Sunday, 15 July 2012

The time to hesitate is through

We are here. After months of angst, tears, sweat, more reading than you can imagine, and rehearsals upon rehearsals, we are in our final week at RADA. I can't actually believe that I am here. It honestly feels like mere weeks ago that we were all crammed into the tiny basement studio on the first day, receiving our RADA booklets and cautiously selecting whether we would do scene study with Tom or Andrew.

I have learned so much about myself in this year. I have learned that I can make some pretty interesting theatrical pieces. I have learned that I can maybe, sort of, write a little. I have learned that the times when I feel most comfortable about a piece of work, those are the times when I haven't done enought. I have learned that I really like to scare myself into action. I have also learned from (and with) some of the most brilliant and talented people I have ever had the opportunity to be in the same room as. Tutors, obviously, but more importantly my fellow students, whose intellect, bravery, and talent have pushed me to become a better artist every minute of every day. I only wish that we could stay together and create work, rather than scatter the globe as we are bound to do. I will do everything possible to work with each of them again in the future.

So. . . as the title states, the time to hesitate is through. Dissertation performances are underway. I am assisting by performing in two presentations; Dena Rysdam Miller's adaptation of The Little Prince, and Holly Sharp's devised piece Nil by Mouth, about mental illness. I will also be reading a new play in development for Nika Obdizinski.

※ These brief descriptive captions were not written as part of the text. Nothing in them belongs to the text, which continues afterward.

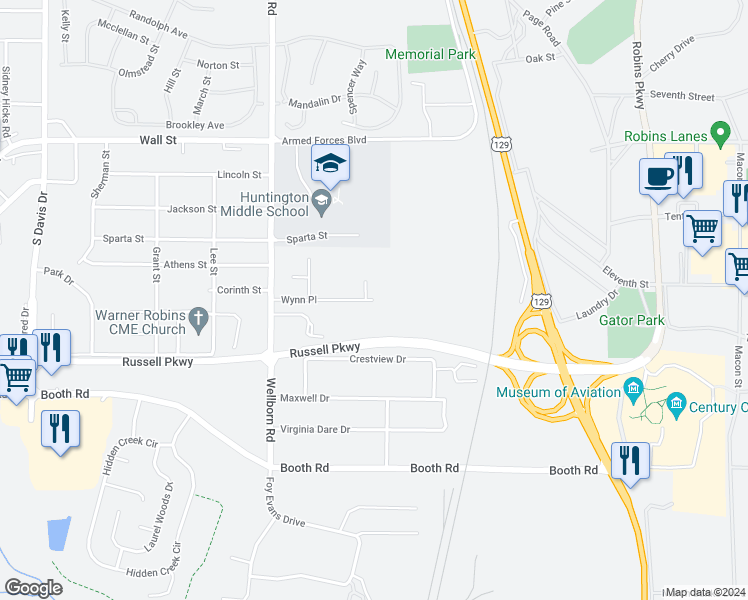 map of restaurants, bars, coffee shops, grocery stores, and more near 298 Wynn Place in Warner Robins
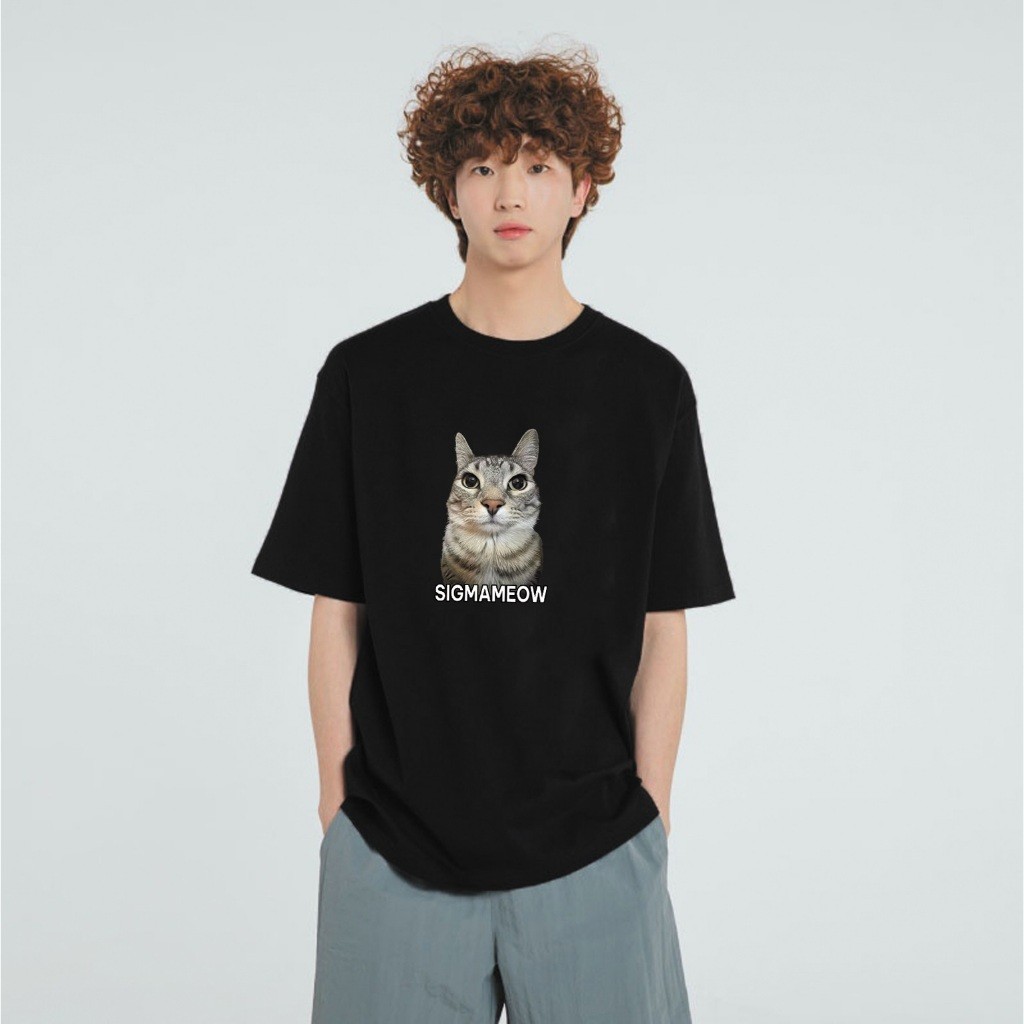 （Giao hàng 24h）Angela Áo Thun Meme Sigma Cat– Áo Phông In Hình Meme Hài, Mèo Biểu Cảm, Form Rộng Unisex Tay Lỡ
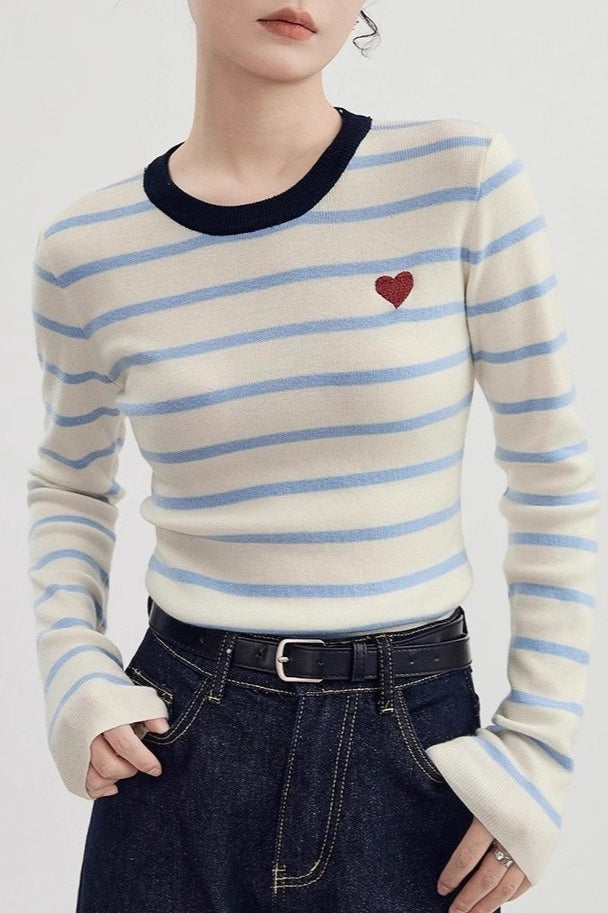 Heart Stitch Slim Fit Knit Top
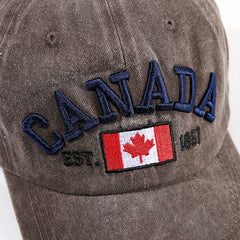 Canada Maple Leaf Baseball Cap Vintage Embroidered Washed Distressed Dad Hats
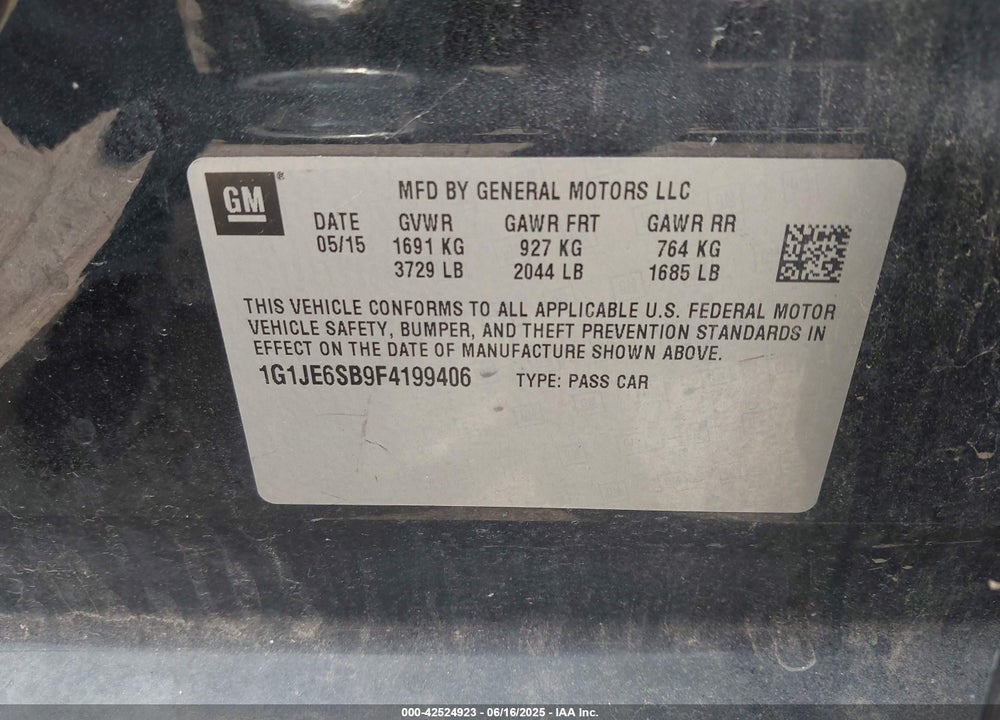2015 CHEVROLET SONIC LTZ AUTO VIN: 1G1JE6SB9F4199406
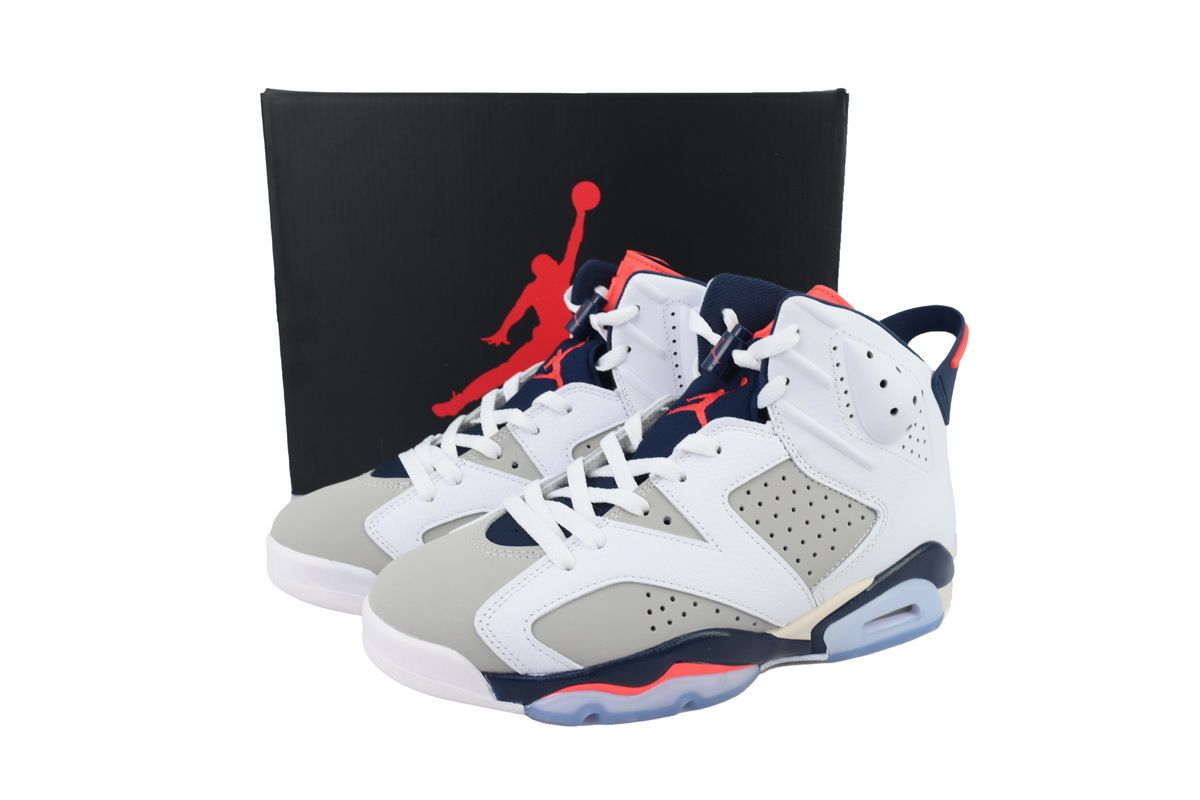 Air Jordan 6 Retro Hare White Grey Men's Basketball Sneakers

Largest looming in my future is my own piece - No More Prayers - an interrogation of Antigone through dramatic and philosophical history. Creating this piece has been a rollercoaster, and it has morphed to something completely different from what I first imagined, although simultaneously it continues to be an embodiment of that first seed of an idea. The piece I have ended up with is (I hope) the start of something bigger, that will continue and develop into a full production down the road. Thursday will be a "first viewing" for the work-in-progress, and I hope to share some photos and video of the presentation as well as the subsequent Q&A.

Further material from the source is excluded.